(Y’all may have noticed Dave Johnson testing out the equipment for me in the last post. Big thanks to him for filling in. I’ll be around for a little while longer today, and then Dave will be flying solo through next Tuesday.)
It must not be fun being John Kerry. You get Swift-boated by a bunch of right-wingers, and you still come within a football stadium’s worth of people in Ohio of being President. Then you throw yourself into preventing catastrophic climate change for close to two years, only to get the tap on the shoulder in favor of Jeff Bingaman. Jeff Bingaman?
Boxer, Kerry and Lieberman haven’t been able to put together 60 votes for the carbon caps they’ve pushed. Graham gave up trying months ago. That leaves the bills Bingaman has shepherded through his Energy and Natural Resources Committee looking pretty good — and maybe like the only ones that have a real shot at passing.
It’s a new role for Bingaman, a New Mexico Democrat who — unlike his bigger-name predecessors — rarely makes appearances on the Sunday talk shows, doesn’t give impassioned speeches and seldom injects himself into hot-button debates.
This is a beat sweetener if I’ve ever seen one, praising Bingaman for creating “solid pieces of legislation forged in the order of the committee process.” Actually, he co-wrote the 2005 and 2007 energy bills, not seen as solid by much of anyone. And the ACELA Act that he authored and passed through his Natural Resources Committee last year is a miserable piece of legislation, which independent experts believe would result in less clean energy produced than under the status quo. Bingaman’s now writing a bill with a utility-only cap on carbon, and presumably that would get attached to ACELA (hopefully a boosted-up ACELA) and some of the oil spill legislation that has been bandied about since the BP disaster.
Bingaman is right about one thing: this idea that you could sneak in a carbon-pricing scheme in the conference committee after not passing one through the Senate doesn’t pass the smell test.

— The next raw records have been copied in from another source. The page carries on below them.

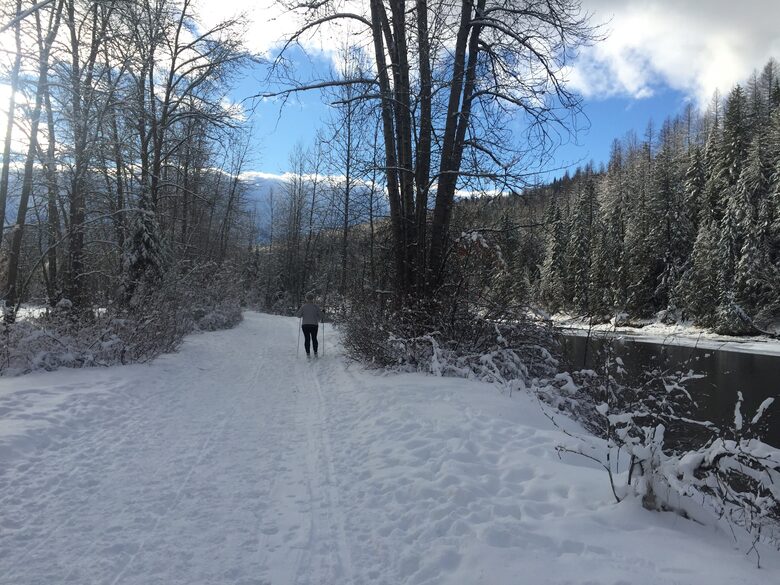 มงกุฎแห่งทวีป - เฟอร์นี ประเทศแคนาดา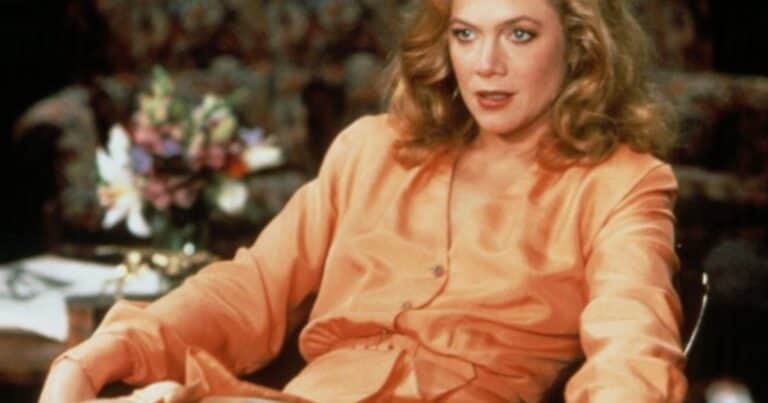 Kathleen Turner está irreconocible y contó el drama que sufre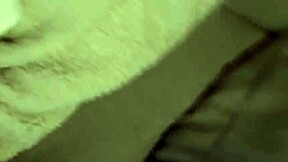 Brasileira gostosa dando cuzinho e gozando prolapso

So it’s utility-only cap or nothing, it seems.
Brad Plumer notes that Bingaman has been a carbon-cap skeptic recently:
Last week, Senate Democrats caucused together and—as Dave Roberts reported—seemed to rally around a strategy for binding a price on carbon to various Gulf-related bills and then daring the GOP to block the whole thing. It was a go-for-broke move. And who knows? It might’ve worked. But lately, Bingaman’s been insisting that it’s “difficult” to envision a cap on carbon pollution getting 60 votes. That’s not the sort of thing you say when you’re preparing for a showdown.
Instead, Bingaman’s cobbling together a more modest bill that would only cap pollution from electric utilities (see here for the merits of that approach). He also has an energy bill that passed out of his committee last fall that would offer subsidies to various alternative-energy industries and force utilities to buy (a very modest amount) of renewable power. Combine all those together and you have a fairly weak bill that wouldn’t do nearly enough to put a dent in greenhouse gases and stop global warming. And could this bill even get 60 votes? Joe Lieberman recently told reporters that some Republicans have “promised to keep talking” about a utility-only cap. What are the odds those unnamed Republicans stick around when it finally comes time to take a vote?
Anything Bingaman seeks to pass isn’t going to look so hot unless the leadership steps in and makes it worthwhile. And even then, you have the expected Lucy-and-the-football moments with the Republicans.